There were fears this year that the Securities and Exchange Board of India’s rules on traders depositing upfront margins for intra-day trades would depress volumes. But numbers show that both the cash and derivative segments witnessed very high turnover in November and December, despite SEBI’s rules. In fact exchange turnover hit record levels this year.

There were lots of factors helping exchange volumes, says Deepak Jasani, Head of retail research, HDFC Securities. “As far as institutional flows go, the strength in the rally, flows towards emerging markets generally, cross-deals between FPIs and the re-balancing turnover caused by rejig in the weightage for Indian stocks in global indices helped boost volumes. On the non-institutional side, low transaction charges, lot of time on hand and no hinderance in the form of some sites being barred on office PC have helped in increasing volumes.”

Surge in cash segment

An analysis of the turnover in the cash segment of the NSE shows that average daily turnover in 2020-21 was 60 per cent higher at ₹58,302 crore compared to ₹36,432 crore in FY20. This is the sharpest jump in recent years. Surprisingly, the average trade size also rose 14 per cent in FY21, implying that larger sums were spent per trade.

The regulator’s move to ask for upfront margin for all trades in the cash segment from September 2020 did depress the turnover in September and October, but volumes once again went up in November, with a new record being set.

Equity derivatives’ numbers

In a similar vein, the turnover in equity derivatives also surged sharply in 2020. The average daily traded turnover in FY21 is ₹20,36,140 crore, 45.6 per cent higher compared to the average daily volume of ₹13,98,345 crore in FY20. However, it needs to be noted that this is a notional turnover, based on the value of option contracts. If only the premium turnover is factored in, the value will shrink considerably.

The extent of traders’ enthusiasm can be gauged from the fact that the turnover in index options and stock options recorded between April and December 2020 has already surpassed the full-year turnover in FY20. The overall F&O turnover in FY21 is already 7 per cent higher than the total turnover in the 12 months of FY20.

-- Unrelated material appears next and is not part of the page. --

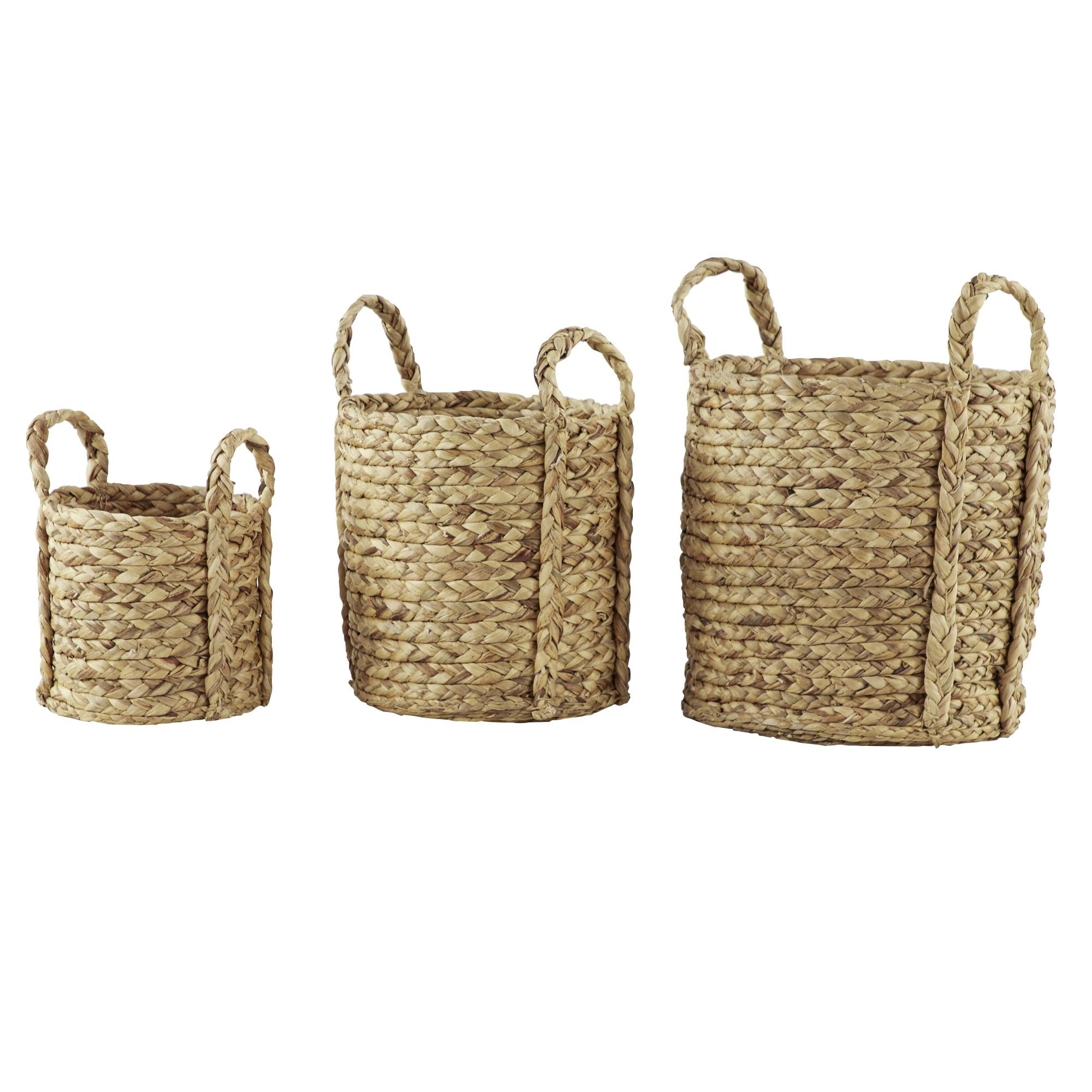 Set of 3 Brown Seagrass Handmade Woven Decorative and Functional Storage Basket with Extended Handles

“If people start going to office, that portion of volume will fall, thinks Jasani. “If the trend in market becomes sluggish or if FPIs pull money at higher levels, there can be impact on volumes in some quarters. Overall number of participants have increased and equity allocations have also risen; so the trajectory of volumes is higher and hence could be headed higher barring a few months or quarters.”